I have written quite a lor of work in LaTeX and I am still perplexed by floating images and I can never tell where floats (images, tables) will be or should be, because it always jumps randomly from page to page.

My roommate at college had a thesis with lots of images and tables and he basically gave up on LaTeX because of that.

Also, installing fonts to MS Word is trivial. Installing fonts to LaTeX ... well... not so. You need to use XeLaTeX. Which breaks some other things. I tried to use bibtex with xelatex, and started to do some weird issues, until I found out that the texlive packages in debian/ubuntu repos are outdated, so I had to uninstall them and install it again from the website, and then something else broke.

Meanwhile MS Word just works as it is. And you don't need to learn the weird table syntax. And the weird floating logic. And the difference between TeX, LaTeX, XeLaTeX, BibTex, Texlive.


Regarding your comment about floats in LaTeX, of course you don't tell LaTeX where they go. They float. That's why they are called floats. If you don't want them to float, don't use the float environment. ( Or use the float package and the [H] option, as explained on https://tex.stackexchange.com/questions/8625/force-figure-pl... ).


Agreed. LaTeX is a mess. Its basic idea is fantastic. But its implementation is a brittle, entangled, inconsistent, old mess. Could use a fresh backwards-INcompatible reboot.


Separation between presentation and content is a brilliant concept, but every time I write a document in LaTeX I end up having to do all kinds of fiddly things to make things look right. If your paper doesn't conform to certain constraints you end up dealing with the presentation domain anyway. A very simple example is line breaks in equations: you don't know how much you can fit on a line until you render it, and LaTeX will run your equations off the page instead of wrapping them intelligently.

Don't get me wrong, LaTeX is still the best document processor I know of, and I use it all the time. I'm just saying that the "separation of domains" idea is a bit of a fantasy.


> If your paper doesn't conform to certain constraints you end up dealing with the presentation domain anyway.

After having read some of Edward Tufte's material, this struck me. I think the main point is: "make it legible" and (Tufte) "as informative as possible". If its not maximally aesthetically pleasing, then so be it.

EDIT: I apologize if this is trite, but I think that's really the whole philosophy of (La)TeX.


There is truth to this -- I do sometimes get caught up in irrelevant presentation optimizations.
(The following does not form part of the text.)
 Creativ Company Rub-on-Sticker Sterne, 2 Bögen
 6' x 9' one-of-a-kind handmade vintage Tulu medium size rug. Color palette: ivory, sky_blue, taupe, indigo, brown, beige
But sometimes the default output is clearly "wrong", or even nearly illegible. In the ideal world I have someone else (i.e. a publisher) to think about this stuff for me, but unfortunately that's not usually the case.


I'm pretty computer literate and I like the idea of separating presentation and content, but I've yet to find a really great implementation of it. HTML/CSS is a mess, and LaTeX is nice but very difficult to use.

Markdown seems to be the best, but isn't exactly wonderful. I wouldn't ever try to convince everybody I know to use Markdown for everything instead of Word!


I agree. We need something inbetween Markdown and LaTex. Markdown is not powerful enough and LaTex is just a pain to get started with.


This is the reason I use Org-mode. It provides simplicity of formatting like Markdown, but provides enough flexibility to export to format of my choice as needed. (Mainly, when I provide documents to others, I just generate PDF via LaTeX, but other formats including MS Word can be created fairly easily via ODT export.)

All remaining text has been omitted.